Complete engine mounts, aux. parts, cowls everything ready to bolt on from Zenith. Even buying a "gently used" Rotax 912 series to reduce costs is a safer path to travel. A solid reliable engine is the best life insurance you can buy.

My 2 cents. 


While I certainly respect your opinion, it doesn't really answer any of the questions I asked. The Jabiru I'm replacing is also a "proven engine and proven install package available from Zenith"  but in my opinion, it's a piece of junk that's given me nothing but trouble since the day I installed it in 2007.

No offence taken. I have Test flown Zenith aircraft with both the Jabiru 2200 & 3300 engines, and test flown the CH701 with the UL Power engine. I have had lots of engine "issues" on the Jabiru 3300 in CH601XL-B & CH750 aircraft. In a high drag low airspeed airframe to Jabiru is not happy. They looked so promising but performance disappointed me. The Rotax 912A series (originally a 600 hr TBO engine out of a Katana) in my 2005 CH601HD has had no issues in 1200+ hours of flying. I flew 325 trouble free hours on my Rotax 912S in the 2010 CH750 I built then sold it. The new owner jumped in and flew it across (5 days) Canada to Northern Alberta where is continues to fly. AM15 engines I have no real world experience with. I think we can agree on the Jabiru engine. Fly safe.

In a high drag low airspeed airframe to Jabiru is not happy

I've got 8 years and nearly 650 trouble-free hours with a Jab 3300 (late Generation 2/early Generation 3 or so-called "late hydraulic lifter" engine) in my STOL 750.  I, too, was concerned about putting an air-cooled 6-cylinder engine in a high drag, low speed airframe, but if one is willing to do meticulous tweaking of the cooling air flow, the engine can be quite "happy!"

I routinely run CHT's (measured with air-flow-shielded sensors at the hole between the plugs, which is likely higher and closer to reality than the typical under-the-plug ring terminal) in the 250's F range in the winter and the 275's F range in the summer, all the while cruising (no slats) at 82-84 kts (95+ mph).  My engine/prop DynaVibe balanced to .03 ips, which is less than half the limits of human perception!  It's hard to be a 6-cylinder for smoothness and that 6's sweet sound is only exceeded by a Merlin!

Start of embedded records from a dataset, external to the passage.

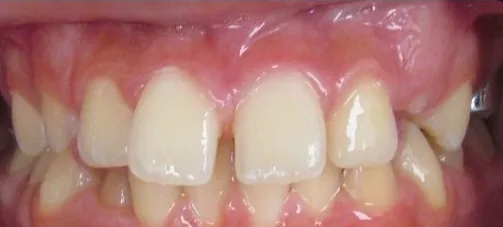 Gapped Teeth and Overbite treated with braces before orthodontic treatment at Elate Orthodontics, case 4070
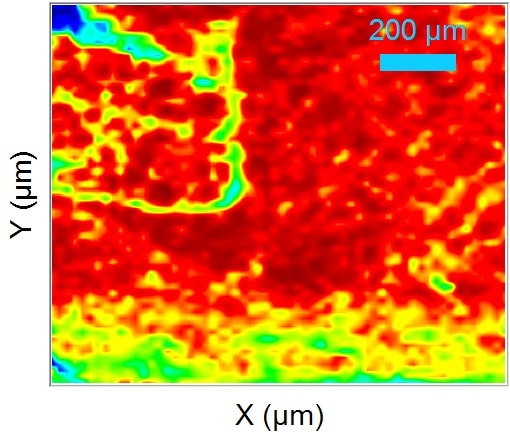 Raman image of the trans-configuration distribution of a 1200 x 1200 µm bovine adipose tissue sample, using a 785 nm excitation.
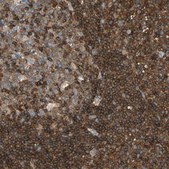 Anti-FMNL1 antibody produced in rabbit Prestige Antibodies&#174; Powered by Atlas Antibodies, affinity isolated antibody, buffered aqueous glycerol solution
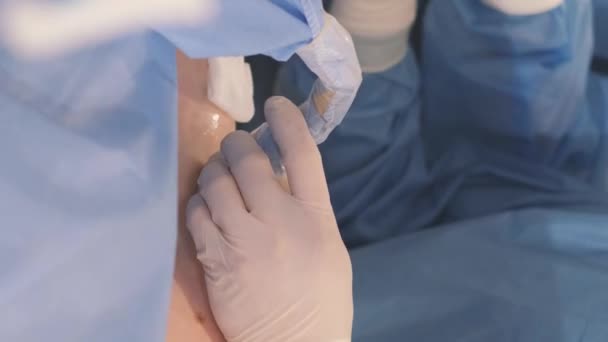 Processo Esecuzione Operazione Parte Gruppo Medici Professionisti Chirurgo Esegue Operazione — Video Stock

Jabiru has been building engines for over 3 decades.  There were some problems with early engines and thanks to the internet where negative reports never go away,  it continues to haunt Jab's reputation.  However, like all modern manufacturers, they have undergone continuous quality improvement and now are on their 4th Generation engine and the reports of owner experience have been uniformly good.

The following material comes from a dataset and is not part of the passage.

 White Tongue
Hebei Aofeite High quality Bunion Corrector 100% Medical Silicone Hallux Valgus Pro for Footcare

I have no experience with the 601/650, but seems to me the modern Jab would be even easier to cool in that airframe vs the 750. Just pointing out that the modern Jabiru engine has evolved and there are a great number of successful installations in Zenith aircraft.  

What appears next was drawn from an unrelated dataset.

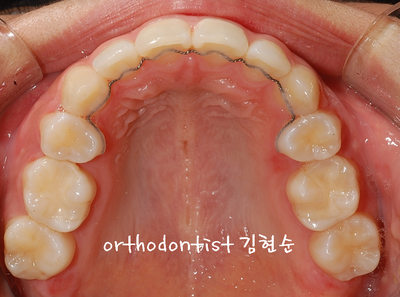 강남 돌출 관련 이미지 24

However, I agree with Bob that the Rotax is definitely more "plug and play," although my hangar-mate has one on his RANS and it seems to be much more maintenance-intensive (and expensive!).  The AeroMomentum is also very appealing, particularly for those who enjoy experimentation and trying new things. We should be seeing more and more reports as this new engine works its way into the market - hopefully successful reports!

As one member always says, "It's nice to have choices."



A 912UL would be a solid choice, but without much performance improvement, if any. A 912ULS would have a bit more performance. But, for not much more you can have an AM15, which at the very least is a 38% power gain over the Jabiru. Step to the highest output AM15, and it's 73% more power(147HP). Aeromomentum is not proven yet, but just give it time.